NorQuest College NFDN 1002 Assignment 2: Teaching Plan

One of the most crucial aspects of the nursing process is developing a teaching plan. The patient’s active participation in the care process and compliance with instructions are the goals of patient teaching. The paper describes a teaching plan for Mr. Goldblum, a 72-year-old male with an ischemic stroke who has difficulty swallowing, speech and cognition.

NFDN 1002 Assignment 2: Teaching Plan

Patient education is a continuous process until the participants attain their goals, change their goals, or recognize that the goals will not enable them to meet their learning objectives (Anekwe & Rahkovsky, 2018). A stroke is a life-changing event that needs adjustments; therefore, comprehensive teaching is crucial.

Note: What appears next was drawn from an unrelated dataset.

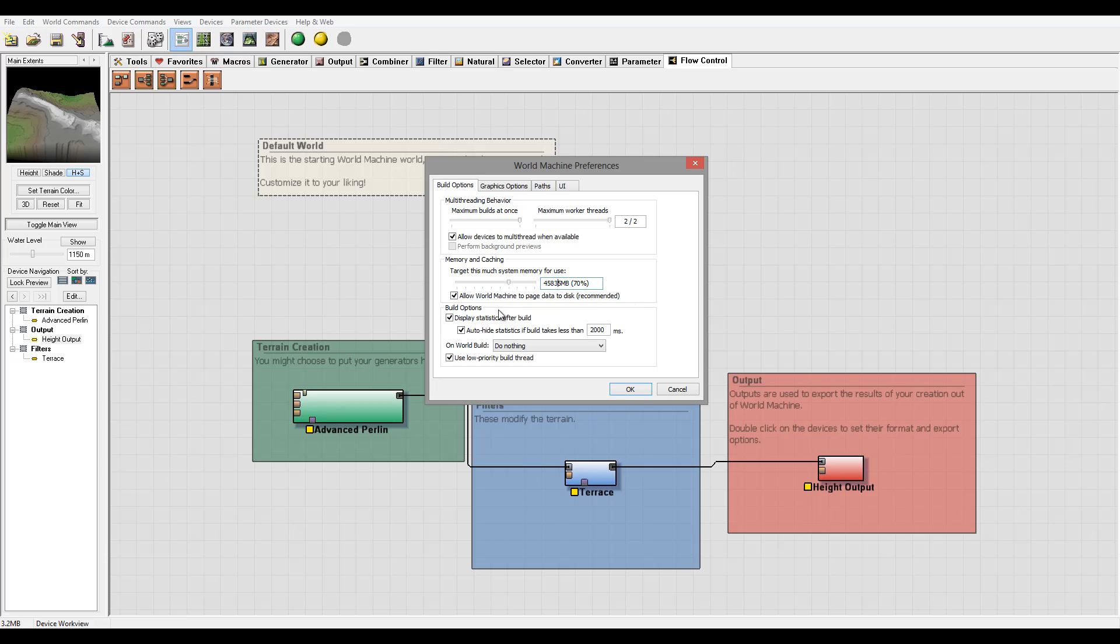Build options - Display Statistics After Building. You notice sometimes when I press it shows me how long it takes to build another thing. So if you want it you can have it, or you can hide it.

Assessment Data and Learning Needs

The teaching plan will cover impaired communication and impaired swallowing. Due to the chronic pattern of stroke, the patient and family need to be trained on the patient’s various deficits, how to improve them, and the need to be patient because the patient may never fully recover to the pre–stoke state (Pierpoint & Pillay, 2020). For example, they are trained on the need for thickened fluids for dysphagia and to protect the airway.

The rationale for this is the request by the patient to take regular fluids despite having difficulty swallowing. Training to improve communication is a crucial need to enhance the achievement of the understanding of the priority need. Alternative communication techniques help to overcome the problem of speech disturbance (Mitchell et al., 2021). The family members later learn to use the tools to enhance communication.

Priority Learning Need and Diagnosis

Improvement in swallowing is the priority patient need. Difficulty swallowing compromises the airway by causing aspiration, which may lead to death. The nursing diagnosis is insufficient knowledge on the management of post-stroke impaired swallowing related to a lack of understanding of the interventions evidenced by the patient’s insistence to take regular foods.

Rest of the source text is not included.